- **Instructions to follow**:
Output the full listing exactly as written, with no pictures in it.

- **Source data**:
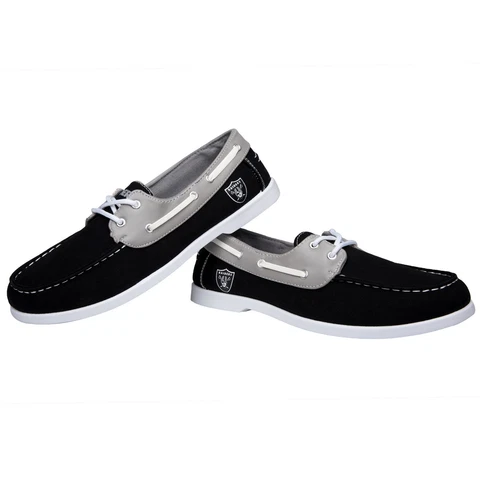Oakland Raiders Side Logo Team Color Boat Casual Shoes Slip On US Men's Sizing Cover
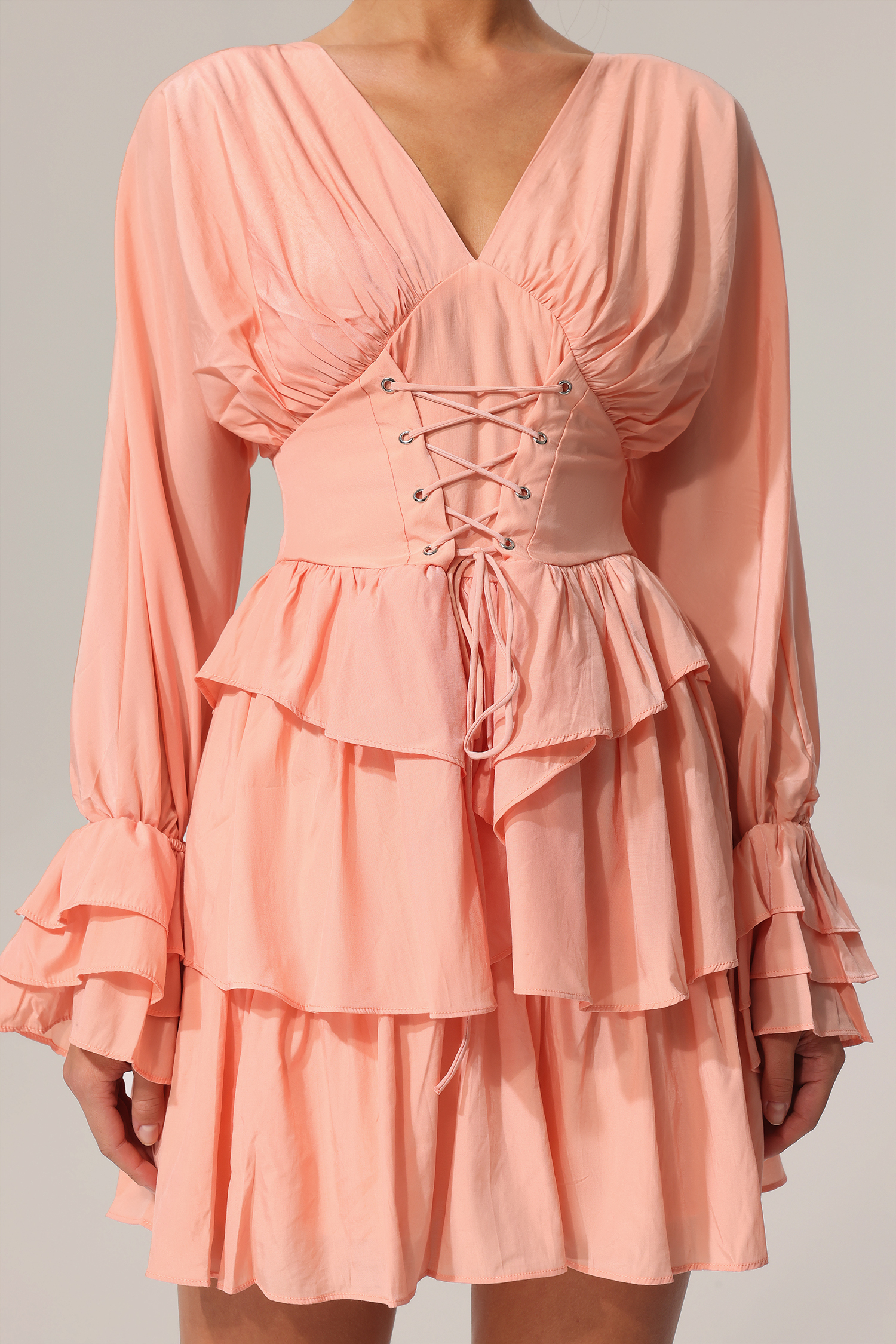 Salo Long Sleeves Layered Folds Mini Dress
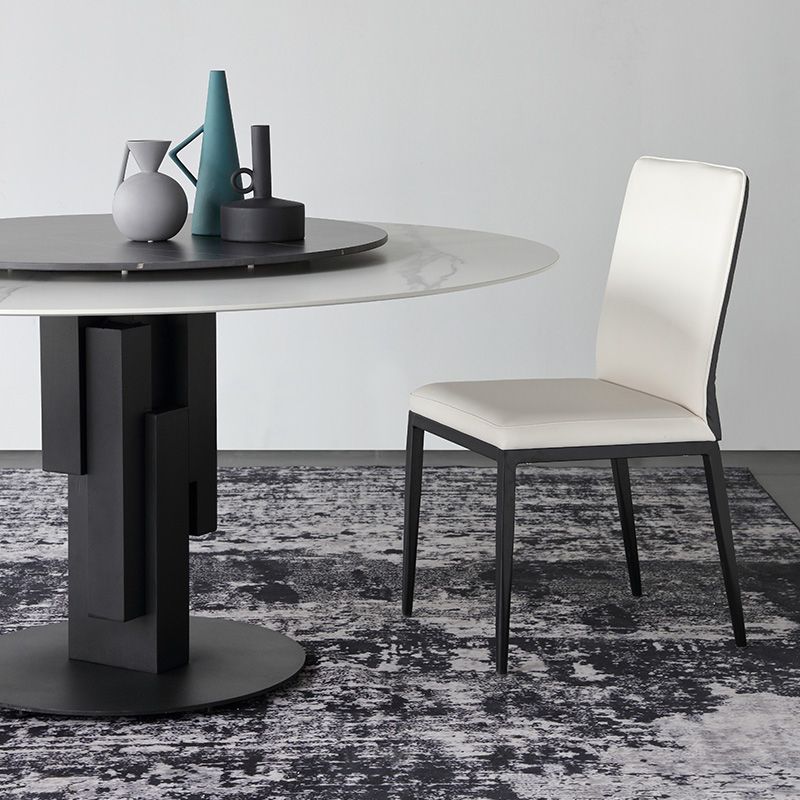 Modern Round Dinette Set 1/4/7 Pieces Sintered Stone Top Dining Table Set with Turntable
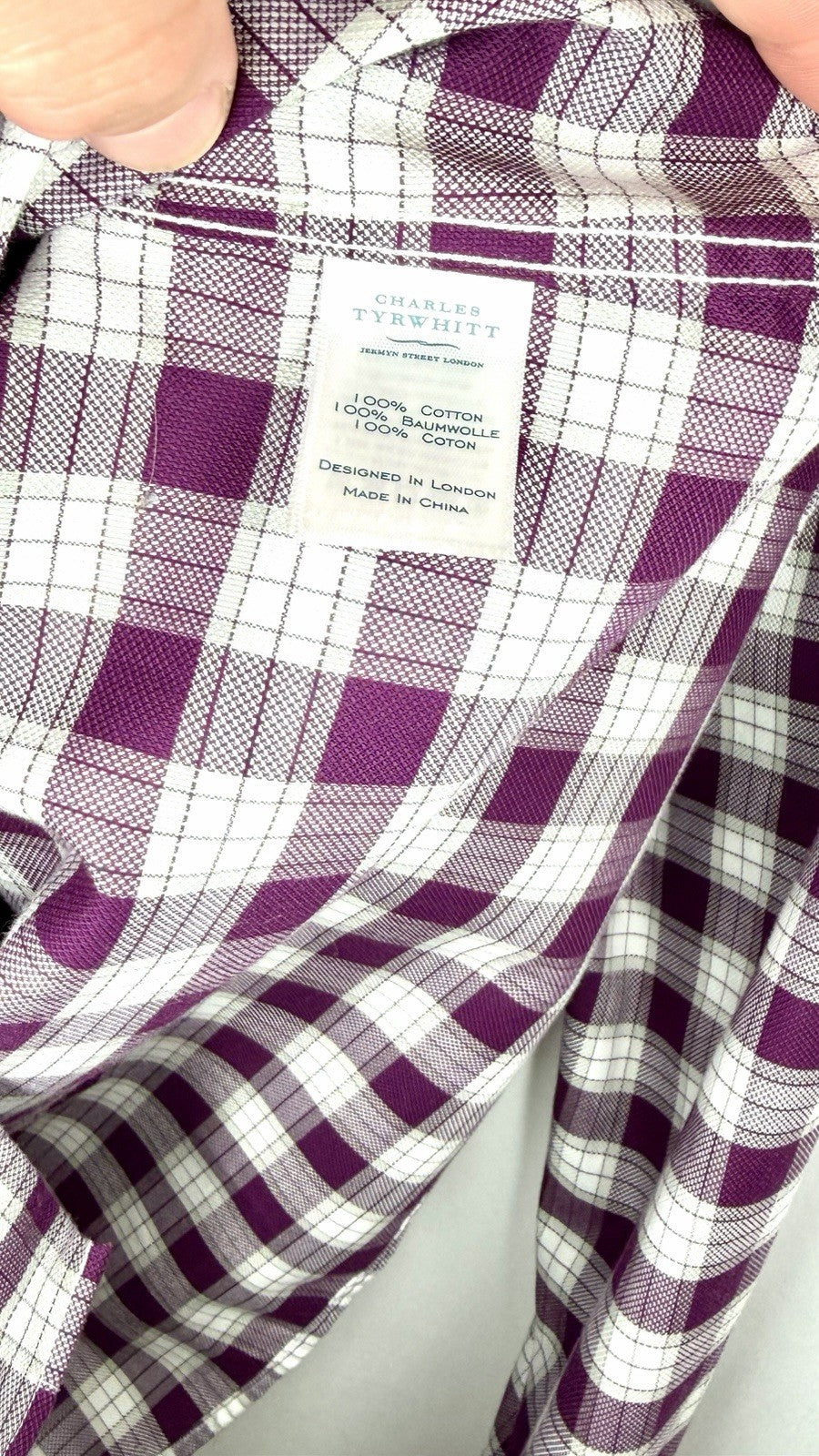 Charles Tyrwhitt Button Up Shirt Mens Large Slim Fit Burgundy Gray White Plaid
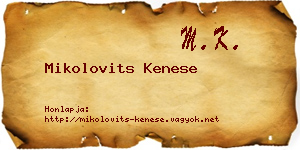 Mikolovits Kenese névjegykártya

- **Problem solution**:
Oakland Raiders Side Logo Team Color Boat Casual Shoes Slip On US Men's Sizing Cover
 Salo Long Sleeves Layered Folds Mini Dress
 Modern Round Dinette Set 1/4/7 Pieces Sintered Stone Top Dining Table Set with Turntable
 Charles Tyrwhitt Button Up Shirt Mens Large Slim Fit Burgundy Gray White Plaid
 Mikolovits Kenese névjegykártya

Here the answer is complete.